Today marks the fourth day in the 10-day period that DC Mayor Vince Gray has to decide what to do with a bill requiring some large retailers to pay a minimum wage of $12.50 an hour, but it appears that the plans for one of Walmart's desired locations have collapsed.
The Washington Post reports that a planned retail development bound by New York Ave., Montana Ave., and Bladensburg Rd. in Northeast DC hit the skids after the agreement between the developer and the landowners dissolved. The site had been the planned home of one of six Walmart stores the company is seeking to open in the District.
Neither the developer or the owners say the collapse of their deal happened because of the Large Retailer Accountability Act, which would require big-box stores such as Walmart to pay their workers more than 50 percent above the District's minimum wage, but the location had already been dragged into the fray over the bill.

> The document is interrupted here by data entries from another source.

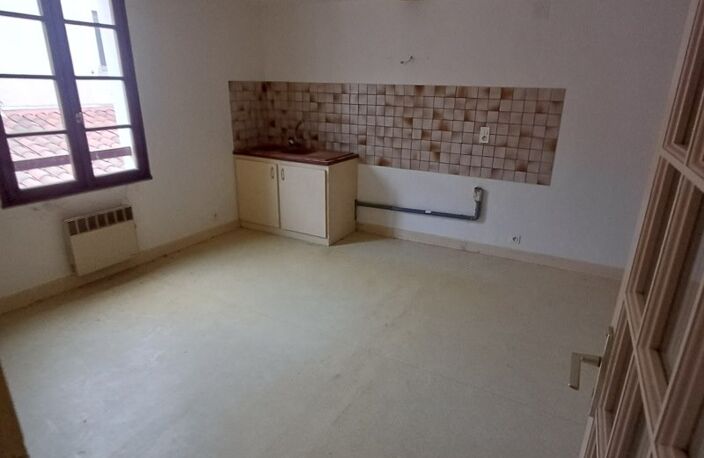 Vente immeuble   Saint-Céré (46400) — photo 2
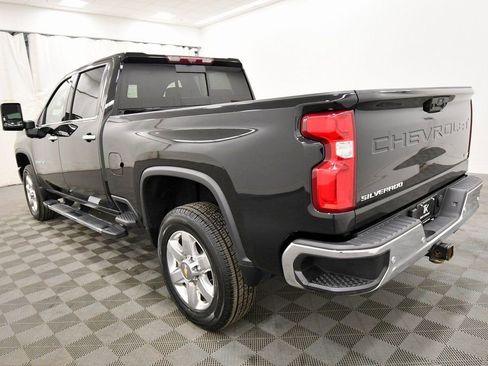 Used 2023 Chevrolet Silverado 2500 LTZ w/ LTZ Premium Package image 5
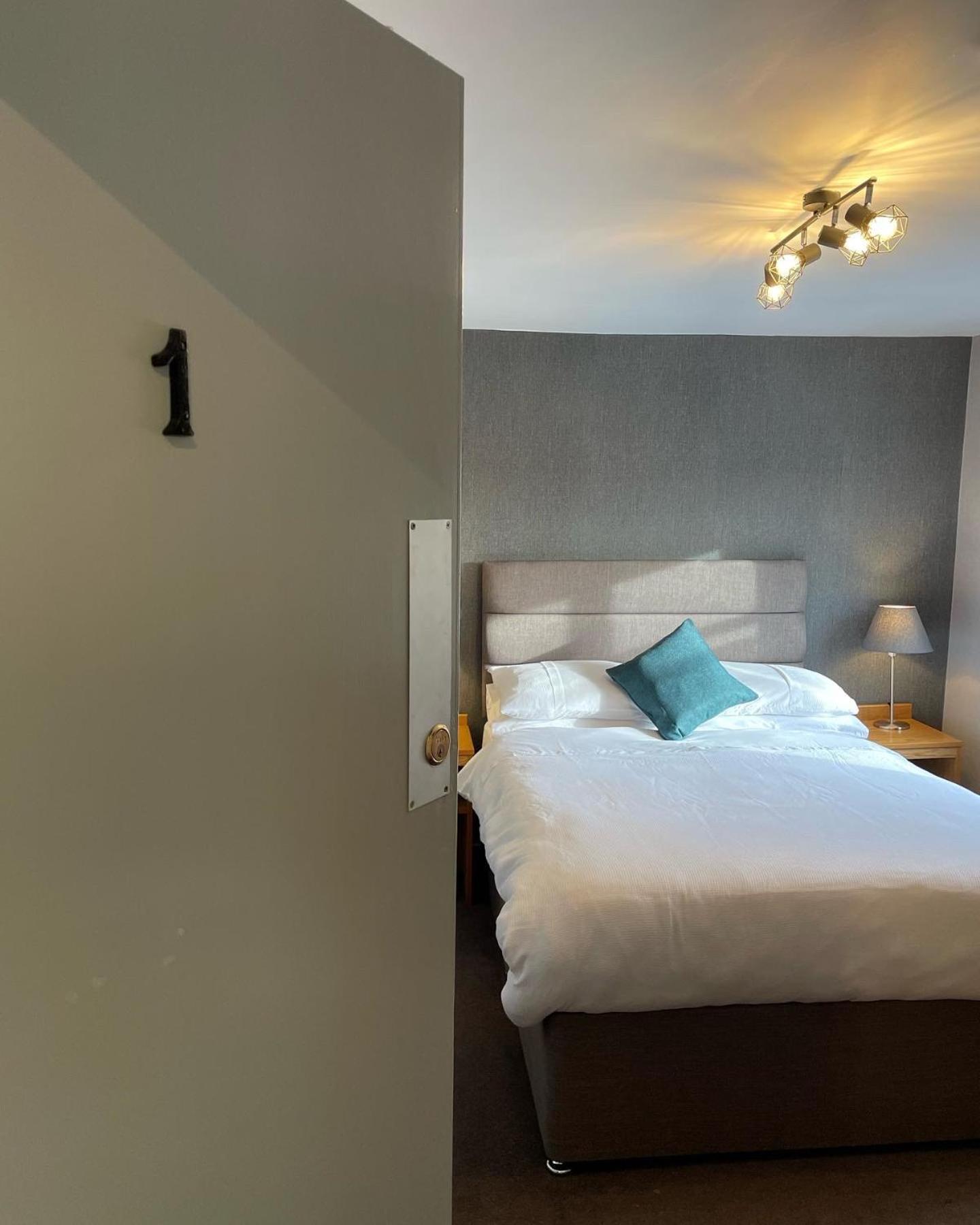 Standard Double Room - Photo 3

While three of Walmart's planned stores are under construction, the retailer has said that if the living wage bill becomes law, it will pull out of its commitments to the other three sites, including New York Ave.
The original plan for the retail development called for a Walmart to be stacked on top of a Lowe's hardware store, but Lowe's preferred to open at the Shops at Dakota Crossing, a retail plaza on the Maryland border where Costco opened last year.
The New York Ave. site is still zoned for retail, and Walmart says that it is still one of the few major stores interested in opening an outlet there. Of course, even if a new development deal can be arranged, it's still all incumbent on Gray vetoing the living wage bill and the DC Council not overriding.
"If the LRAA does not become law, six stores are back on in Washington, DC," says Walmart spokesman Steven Restivo.